Project Stargate
Ingo Swann
Artist, ASPR research subject, and SRI's foundational remote viewer.
The Stargate Project began as a research contract on whether the work of one specific man could be reproduced.
Biography
Ingo Douglas Swann was born on September 14, 1933, in Telluride, Colorado, then a depopulating silver-mining town high in the San Juan Mountains. His father was a Norwegian immigrant who worked in the mines. The family moved to Salt Lake City when Swann was a boy. He attended Westminster College there, graduating in 1955 with a degree in biology and art. He spent the next two years in the U.S. Army, posted to Korea as a staff artist for the Eighth Army.
In 1958 Swann moved to New York City. He took a job at the United Nations Secretariat, where he worked as a clerk for the next eleven years, and pursued painting in his nights and weekends. He showed work in small Manhattan galleries through the 1960s. His paintings tended toward the cosmological: planets, nebulae, deep-space scenes rendered in oils. He sold some of them.

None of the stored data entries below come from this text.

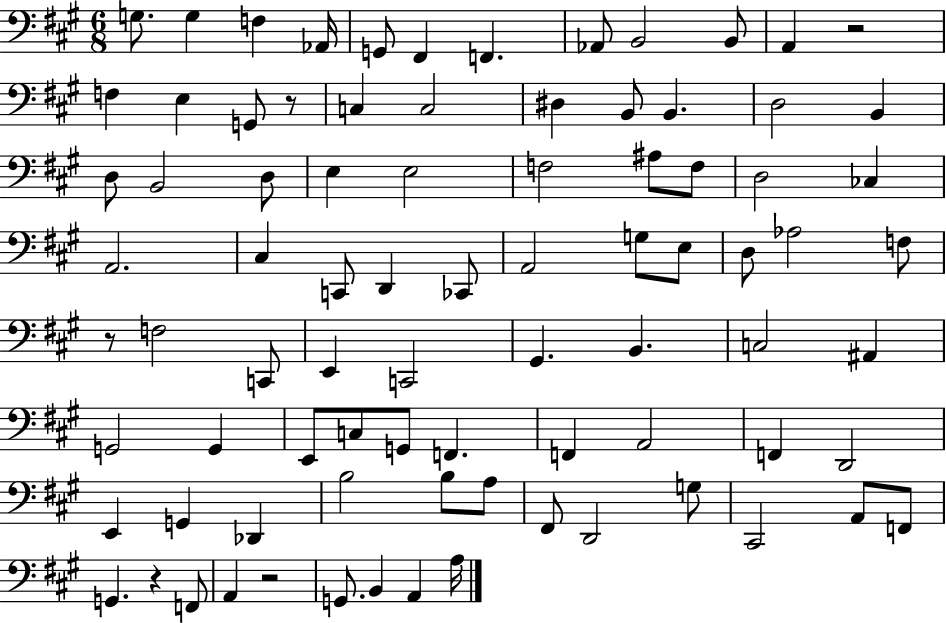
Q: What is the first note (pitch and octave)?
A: G3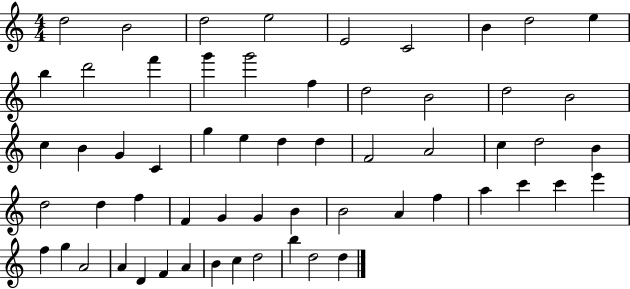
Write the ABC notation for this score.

X:1
T:Untitled
M:4/4
L:1/4
K:C
d2 B2 d2 e2 E2 C2 B d2 e b d'2 f' g' g'2 f d2 B2 d2 B2 c B G C g e d d F2 A2 c d2 B d2 d f F G G B B2 A f a c' c' e' f g A2 A D F A B c d2 b d2 d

In the late 1960s Swann began volunteering as a research subject at the American Society for Psychical Research, then run by the parapsychologist Karlis Osis on West 73rd Street. The ASPR research involved sealed-target experiments, telepathy tests, and what Osis called "out-of-body" experiments in which Swann attempted to describe rooms and objects he was not in. The ASPR notes from this period describe Swann as an unusually consistent subject. Around the same time he became involved with the Church of Scientology, eventually reaching the higher training levels of that organization.
In May 1972, the physicist Harold Puthoff, then at Stanford Research Institute, visited the ASPR to observe Swann in a magnetometer-influence experiment. Swann produced a measurable deviation in the magnetometer's output. Puthoff invited him to SRI for a longer evaluation. Within weeks the CIA's Office of Technical Service had funded the contract that would become Project SCANATE, with Swann as its sole initial subject. The remote-viewing program that ran for the next twenty-three years began as a research project on whether the things Ingo Swann appeared to do could be reproduced by others.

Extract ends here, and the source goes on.